Kordestani himself became fabulously rich when Google IPO’d in 2004, and eventually left the company in 2009.
“I had never stopped in my life,” Kordestani explained on stage at Re/code’s Code Conference earlier this week, as Kara Swisher grilled him on why he left. “I had never taken a pause before.”
Kordestani, an Iranian immigrant to the United States, says that around 2009 he noticed that a spat of other high-ranking execs were leaving — like Tim Armstrong taking over at AOL and Sheryl Sandberg making waves at Facebook — and he decided it was time to take a step back, too, and see what the next generation of management could do for Google.
So, he left his SVP of global sales job at Google to spend more time with his family, advise startups (including big players like Spotify and Vodafone), and play golf and tennis.
“It was so wonderful to have this calendar that I could control for the first time in my life,” he says.
But he couldn’t exit the orbit of Google entirely.
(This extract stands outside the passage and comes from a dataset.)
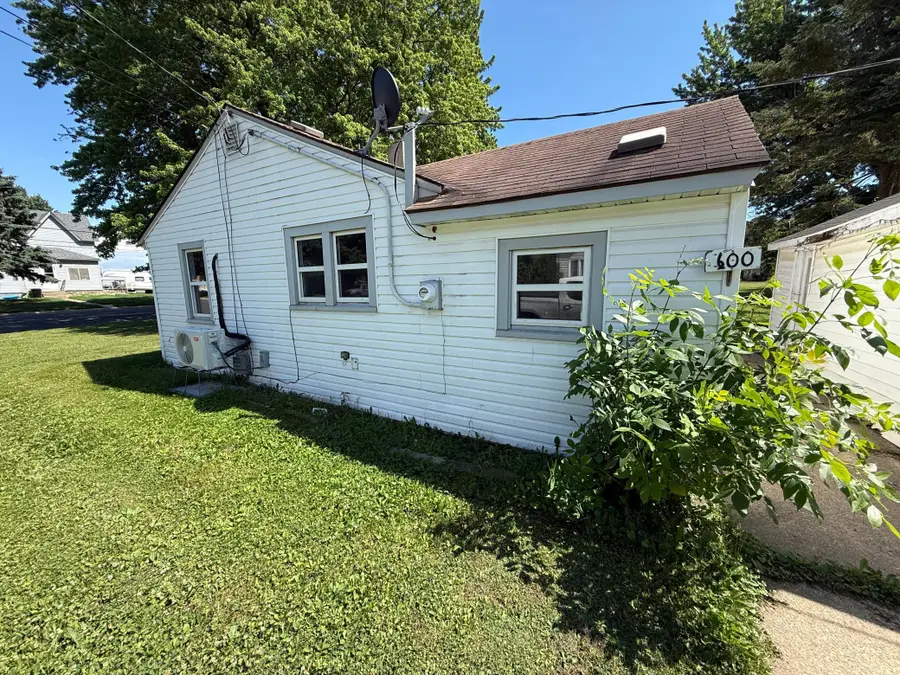 600 2nd Avenue Se, Hayfield, MN 55940 - #3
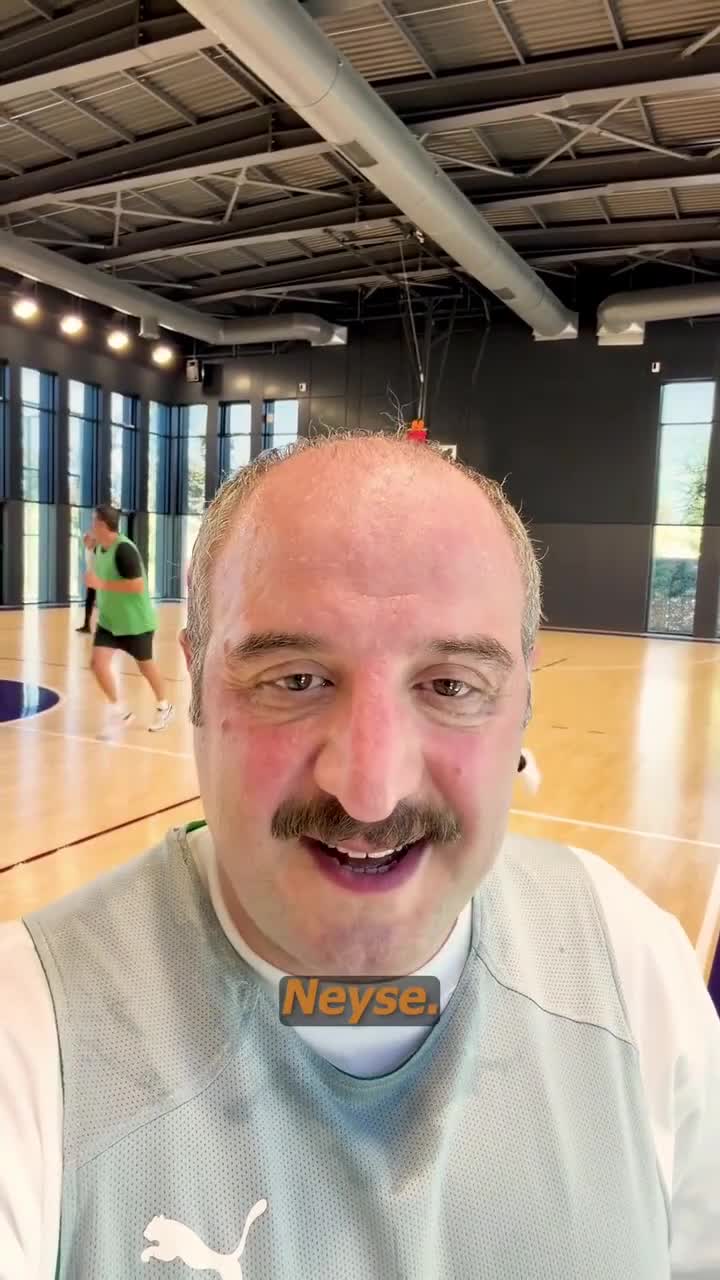 Ərdoğan yenə basketbol oynadı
When he left, Larry Page asked him to stay involved with the company as an advisor.
Every other month or so he’d come to Google’s campus to spend “friendly time” with Page. They’d while away a few hours talking about the challenges that the CEO was struggling with and Kordestani would provide his input.
After five years of this, Page had an idea. In 2014, Google’s chief business officer, Nikesh Arora, wanted to leave the company. Page wanted Kordestani to take back the reins.
“When Larry told me last summer when Nikesh was leaving, I said ‘I don’t even know if I can do this job. The company has tripled since I left,'” Kordestani says. But, at Page’s behest, he agreed to come back on an interim basis, to see if he still liked the job and whether he could run a multi-hundred billion-dollar company.
“You were rich and retired — why in the world would you come back,” Swisher asked.
Kordestani says that he “listened to [his] heart” and knew he needed to at least give the role a try.
“I fell in love all over again,” he says. “The perspective you get when you leave is that all the problems that you have are actually interesting.”
And there are problems. Google’s core search business has faced increased scepticism as of late, as critics question why growth is slowing, and whether Google can reverse that trend. In its last earnings call, the company assured analysts and investors that the amount it can charge per ad click is declining because it’s selling more YouTube ads, and it can’t charge as much for those yet.
That completely discarded a popular, much-discussed theory that Google still hasn’t been able to monetise as well on mobile. Kordestani said on stage that he personally wished Google gave more visibility into specific numbers.
“Frankly it would help me on the business side,” he says.